Johannes Rohr writes:
IndexError: list index out of range
That isn't the problem, it's the earlier failure, I think:
File "/usr/lib/python3.8/email/_header_value_parser.py", line 2069, in get_msg_id token, value = get_dot_atom_text(value) File "/usr/lib/python3.8/email/_header_value_parser.py", line 1334, in get_dot_atom_text raise errors.HeaderParseError("expected atom at a start of " email.errors.HeaderParseError: expected atom at a start of dot-atom-text but found '@localhost>'
It appears that HyperKitty is trying to find a domain name (the common use for "dot_atom_text" in mail headers in a Message-ID), but is finding "@localhost>" instead.
First I would try the check_hk_import script which is provided with HyperKitty. (You may also want to use the Mailman 2.1 cleanarch script to check for unescaped 'From ' lines, or the script at https://www.msapiro.net/scripts/cleanarch2 which can do that and check for unparseable Date: headers as well.)

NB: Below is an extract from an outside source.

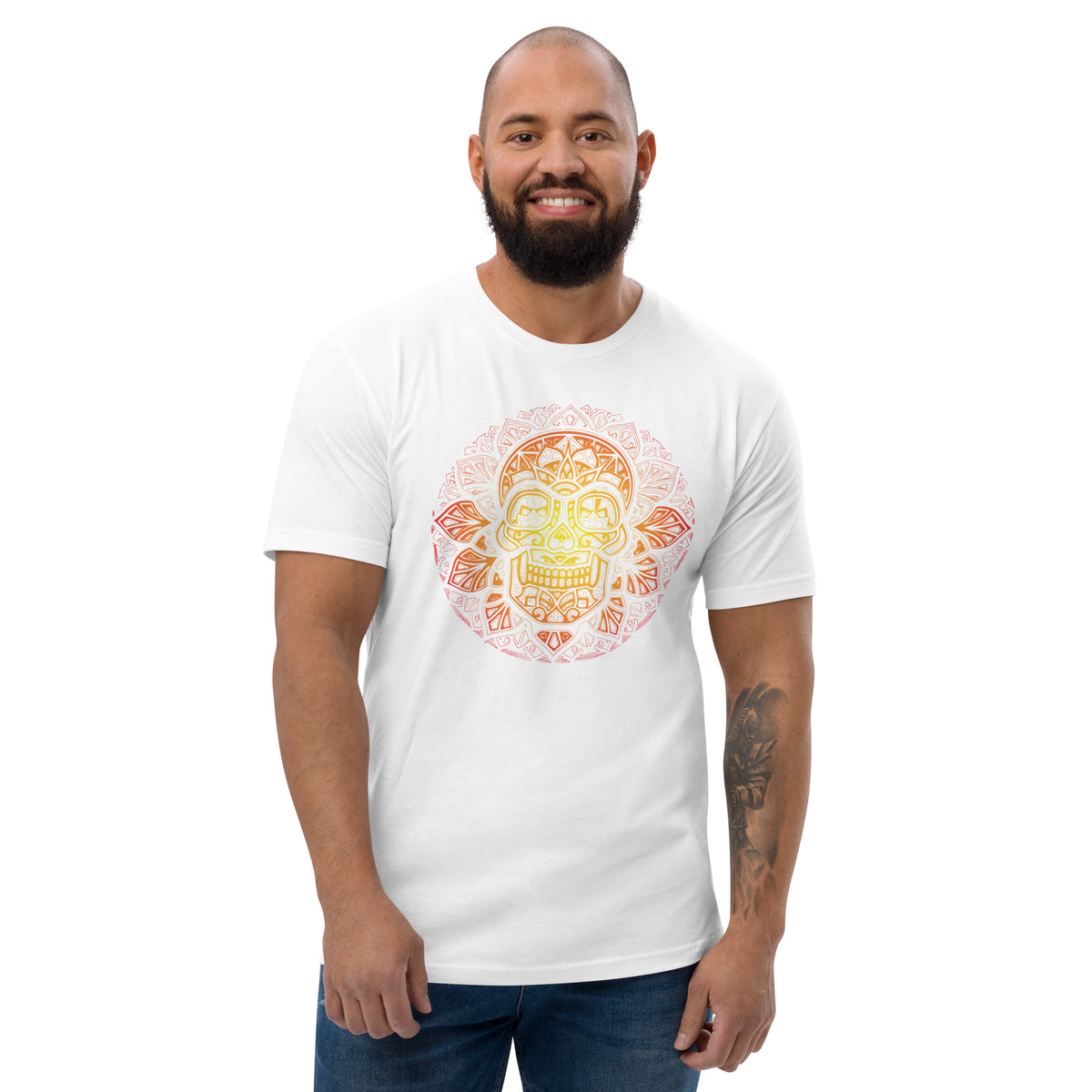 Sacred Skull (Men-White) Short Sleeve T-shirt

If that fails to identify the problem, try
grep -iE '^(Message-ID|In-Reply-To).*@localhost>' problem_mbox_file | wc -l
to see how how often that string appears, then
grep -iE '^(Message-ID|In-Reply-To).*@localhost>' problem_mbox_file | head -15
to see if you can identify the problem text.[1] The problem character before the "@" is probably "<", "@", or ".", but maybe it's one of these: ()<>[]:;@\,." (note the double quote is a disallowed character). Other ASCII punctuation are allowed in message IDs.
Once we know how the message id(s) is (are) malformed, we can discuss how to deal with them.
Steve
Footnotes: [1] In theory we should also check References but those usually have multiple continuations, which is annoying to deal with in grep.